On June 12, the City of Cleveland entered into a consent decree with the U.S. Department of Justice to reform the city’s Division of Police, which has a history of racist and abusive policing. While the consent decree was welcomed by the local civil rights and civil liberties community, some shortcomings were identified. On Monday, the NAACP, Collaboration for a Safe, Fair, and Just Cleveland, and the Ohio chapter of the National Lawyers Guild filed a “friend of the court” brief to make recommendations to improve the agreement.
“We are filing the brief because there are some key areas where the decree has unworkable stipulations that must be remedied to ensure the best chance of truly effective and lasting police reforms that will satisfy the people of Cleveland,” said civil rights attorney James Hardiman, co-chair of the Criminal Justice Legal Redress Committee of the Cleveland branch of the NAACP. “As civil rights organizations, we represent stakeholders who want to ensure that the consent decree best protects the interests of aggrieved communities and that it is as strong as possible,” said Dr. Rhonda Y. Williams, Chair of the Collaborative for a Safe, Fair, and Just Cleveland. “We want the Court to know that without these key fixes, the community will be negatively impacted.” Cleveland.com’s Eric Heisig explains the specific recommendations the group is calling for:
The newly-created inspector general should not report to the police chief. Under the consent decree, the police inspector general will review the work officers do to ensure that procedures are being followed. The position, which will be filled by the mayor with a non-officer, is designed as another check on the system. The problem, the group says, is that the inspector general will be overseen by the police chief. The inspector general should instead report to the mayor and City Council, according to the brief. “No citizen should wind up having a job where their job is to criticize their boss in painstaking detail and still expect that they’re necessarily going to get a nice performance evaluation and salary adjustment at the end of the year,” Chandra said.

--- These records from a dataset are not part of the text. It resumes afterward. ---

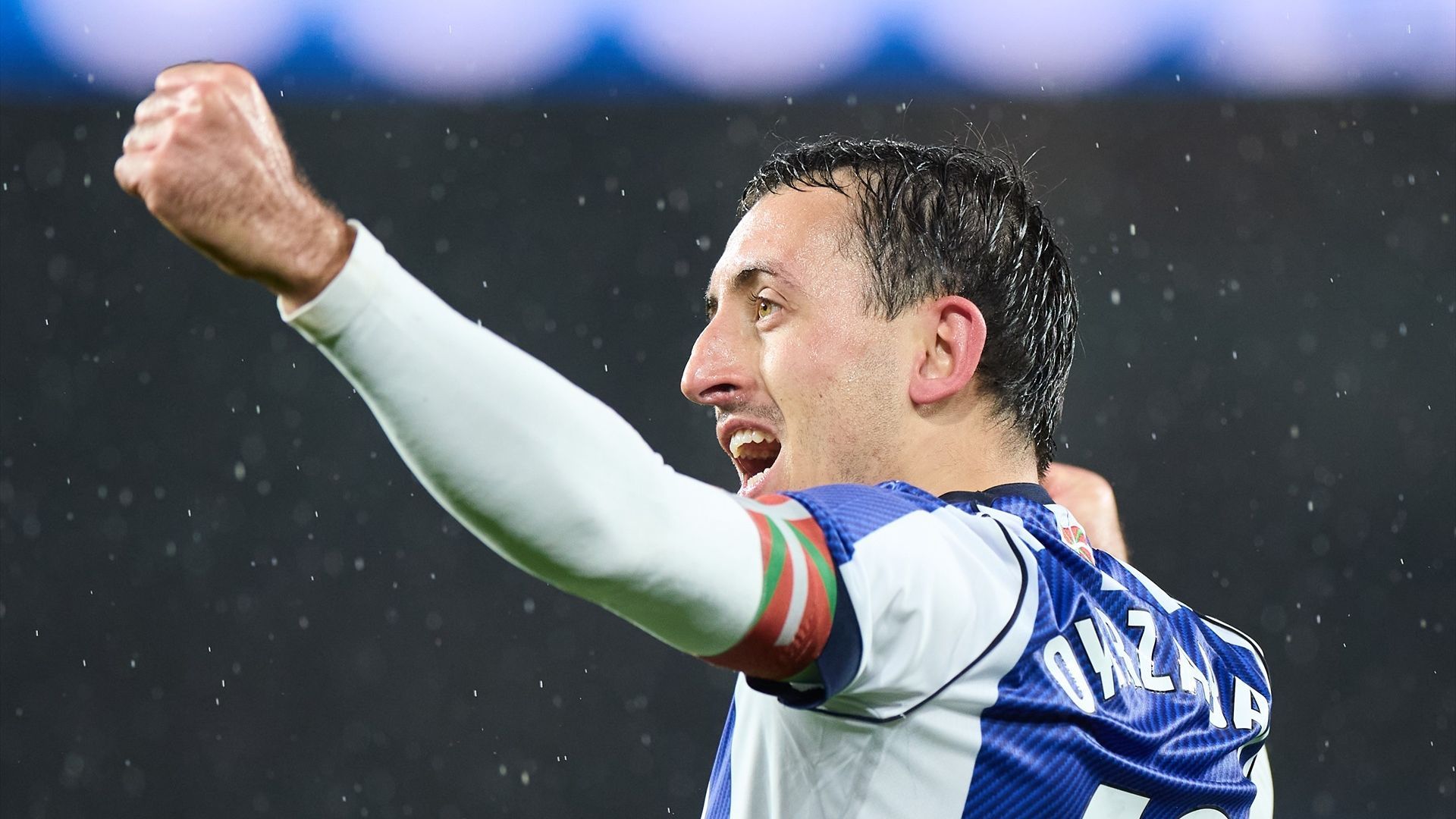 Mikel Oyarzabal celebra uno de sus goles en el Real Sociedad-Celta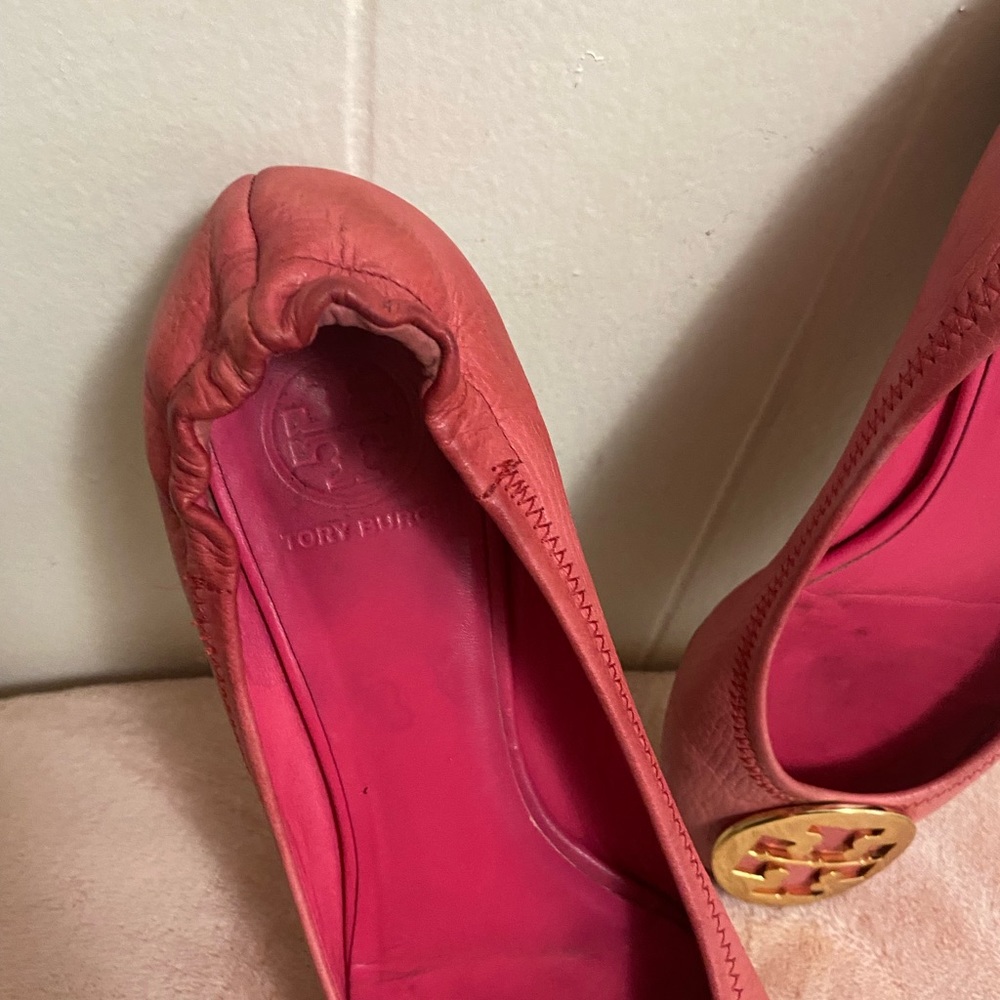 Tory Burch Pink Leather Minnie Flats - Picture 2 of 7
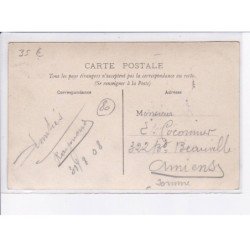 QUEVAUVILLERS: la cour du château - très bon état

The most serious use-of-force incidents should be investigated by an outside agency. The group also says that use-of-force cases that result in death or serious bodily injury should always be investigated by outside agencies, such as the state Attorney General’s Office. It also says the police should not have a say in who investigates the case.

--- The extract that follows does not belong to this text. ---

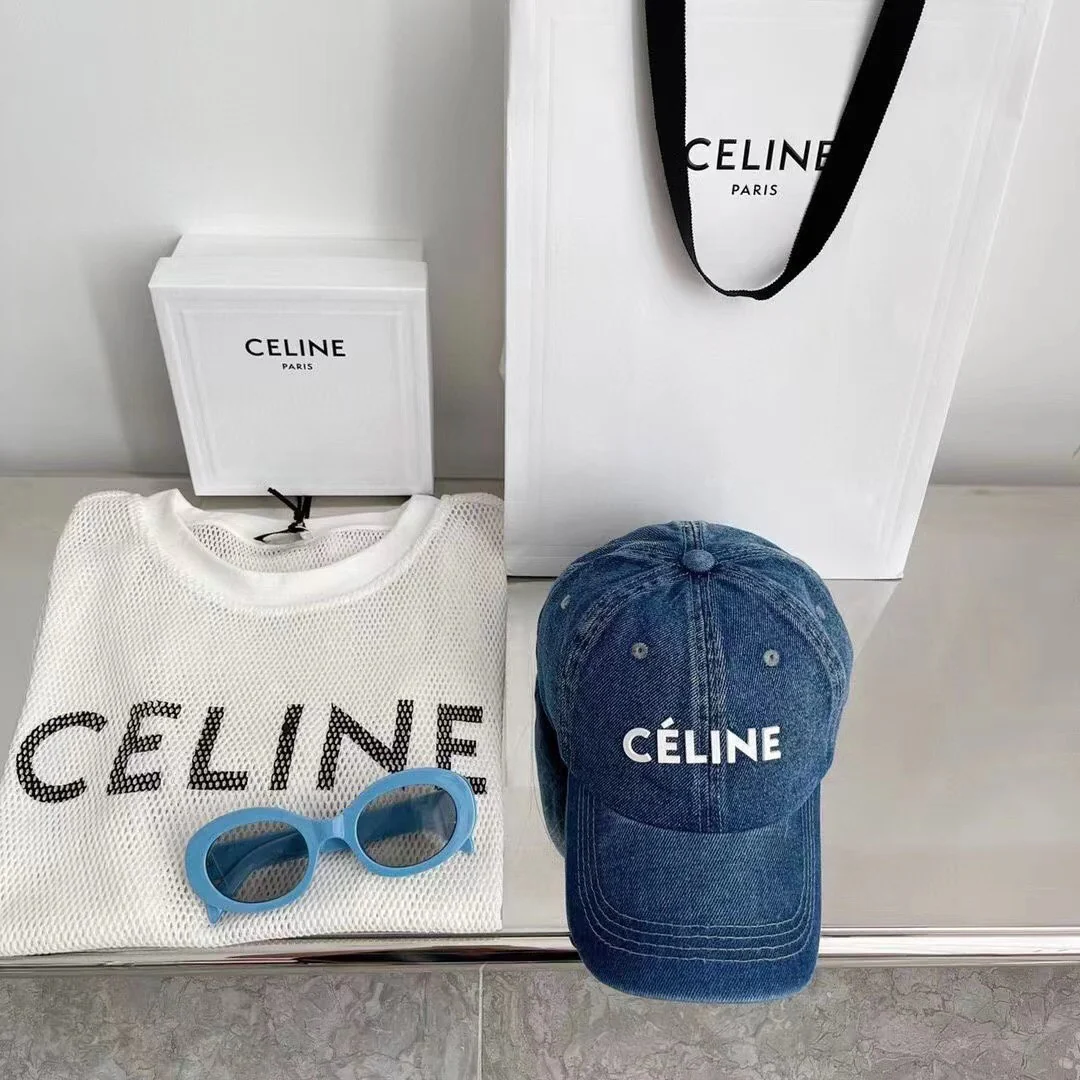 Celine - Новая минималистичная бейсболка с эффектом потертости - темно-синяя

The police should require officers to consistently collect demographic data. The group claims that the settlement’s bias-free policing goals do not go far enough. Police investigators will be required to collect information such as the race or gender of citizens and suspects only in certain situations rather than in all cases.
A provision should be added to address police interaction with juveniles. The group says the consent decree does not go far enough to specifically protect juveniles, though the Justice Department outlined several incidents where officers used excessive force against youths. The brief states the consent decree should require the police to create a policy to govern police-youth interactions.
The Community Police Commission has serious problems. The brief says that the Community Police Commission, a panel designed to make recommendations to improve relations between officers and citizens, has “issues that will hinder the Commission’s ability to carry out its responsibilities and achieve its mission.” The commission should have a direct access to the judge overseeing compliance with the consent decree so it can point out problems, the brief states, and should include representatives from other groups, including lesbian, gay, bisexual, transgender advocates as well as the recently incarcerated and immigrants. The brief also states that the consent decree should establish a baseline budget to ensure the commission has the resources it needs, and should also allow the commission to hire its own staff and experts.
The monitor should be allowed to testify in litigation relating to the consent decree. The consent decree specifically says members of a monitoring team overseeing compliance with the consent decree cannot not testify in investigations or litigation pertaining to any perceived wrongdoing or violations of the consent decree. The brief says the monitor will be the one who has the most sufficient knowledge of the decree and that a blanket ban should not be allowed.